Franny's Feet is a Canadian animated children's television series created by writer Cathy Moss and fellow Susin Nielsen. The series was produced by Decode Entertainment (with the participation of Family Channel), in association with Channel Five Broadcasting Limited (seasons 1 and 2). The series follows the adventures of Frances "Franny" Fantootsie (a name combination of "fantasy" and "tootsie") as she tries on a new shoe and travels to different countries.

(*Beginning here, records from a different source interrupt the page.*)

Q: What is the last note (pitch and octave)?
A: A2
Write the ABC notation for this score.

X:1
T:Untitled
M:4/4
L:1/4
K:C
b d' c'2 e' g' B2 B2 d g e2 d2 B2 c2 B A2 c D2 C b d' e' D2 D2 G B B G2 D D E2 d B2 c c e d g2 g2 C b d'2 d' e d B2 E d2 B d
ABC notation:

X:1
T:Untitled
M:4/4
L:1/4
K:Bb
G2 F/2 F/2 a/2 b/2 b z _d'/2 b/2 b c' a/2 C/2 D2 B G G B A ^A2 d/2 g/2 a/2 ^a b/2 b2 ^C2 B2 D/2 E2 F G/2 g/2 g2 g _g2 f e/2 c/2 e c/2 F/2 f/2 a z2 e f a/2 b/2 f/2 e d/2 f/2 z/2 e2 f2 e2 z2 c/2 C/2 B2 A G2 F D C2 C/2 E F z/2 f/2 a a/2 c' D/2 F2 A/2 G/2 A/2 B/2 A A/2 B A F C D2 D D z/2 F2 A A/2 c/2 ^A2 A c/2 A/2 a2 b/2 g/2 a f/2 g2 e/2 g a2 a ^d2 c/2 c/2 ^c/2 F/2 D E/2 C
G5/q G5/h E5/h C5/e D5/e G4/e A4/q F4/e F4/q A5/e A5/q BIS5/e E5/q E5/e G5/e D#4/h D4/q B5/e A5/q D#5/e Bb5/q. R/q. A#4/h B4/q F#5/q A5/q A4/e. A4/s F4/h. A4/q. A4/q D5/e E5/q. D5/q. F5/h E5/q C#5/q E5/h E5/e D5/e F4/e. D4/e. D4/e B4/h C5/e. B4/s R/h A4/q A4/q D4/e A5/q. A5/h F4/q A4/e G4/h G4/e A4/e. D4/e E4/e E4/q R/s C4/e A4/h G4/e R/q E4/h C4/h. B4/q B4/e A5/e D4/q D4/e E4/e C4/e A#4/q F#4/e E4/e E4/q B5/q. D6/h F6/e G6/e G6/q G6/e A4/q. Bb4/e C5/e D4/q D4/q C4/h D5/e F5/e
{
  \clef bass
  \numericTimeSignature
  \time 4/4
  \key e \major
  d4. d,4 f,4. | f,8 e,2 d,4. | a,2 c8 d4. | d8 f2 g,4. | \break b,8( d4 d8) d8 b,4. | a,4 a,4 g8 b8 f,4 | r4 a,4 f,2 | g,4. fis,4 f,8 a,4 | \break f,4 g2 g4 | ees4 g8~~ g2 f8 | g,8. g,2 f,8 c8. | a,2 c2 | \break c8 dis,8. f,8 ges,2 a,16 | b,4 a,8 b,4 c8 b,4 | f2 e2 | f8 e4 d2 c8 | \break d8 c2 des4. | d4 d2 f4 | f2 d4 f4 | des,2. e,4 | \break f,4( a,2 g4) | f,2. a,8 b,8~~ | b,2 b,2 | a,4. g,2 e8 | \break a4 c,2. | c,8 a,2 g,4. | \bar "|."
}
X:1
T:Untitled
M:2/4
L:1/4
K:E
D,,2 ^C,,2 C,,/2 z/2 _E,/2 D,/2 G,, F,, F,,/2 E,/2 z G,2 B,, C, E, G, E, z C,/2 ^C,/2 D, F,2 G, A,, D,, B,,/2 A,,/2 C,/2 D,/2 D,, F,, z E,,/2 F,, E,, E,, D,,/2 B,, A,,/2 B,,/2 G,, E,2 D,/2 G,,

Franny's Feet first aired on Family Channel in Canada on July 8, 2003 and concluded on October 31, 2010. It also aired on PBS Kids in the US and on Five in the UK. The series aired for three seasons and 52 episodes.

Summary
A 5-year-old girl named Franny visits with her grandfather every day at his shoe repair shop in Vancouver, Canada. They talk about all matters until a customer comes. The customer presents shoes needing to be repaired to her grandfather, and he gives the pair to Franny to place inside the shoe repair box. Franny tries on the footwear and they take her to a magical place such as a Native American powwow in Wyoming, a sunny beach in Jamaica, or a high mountain in China. At the end of each episode, after Franny solves the problem in a magical place, she receives a treasure and adds it to her treasure box and solves her own problem.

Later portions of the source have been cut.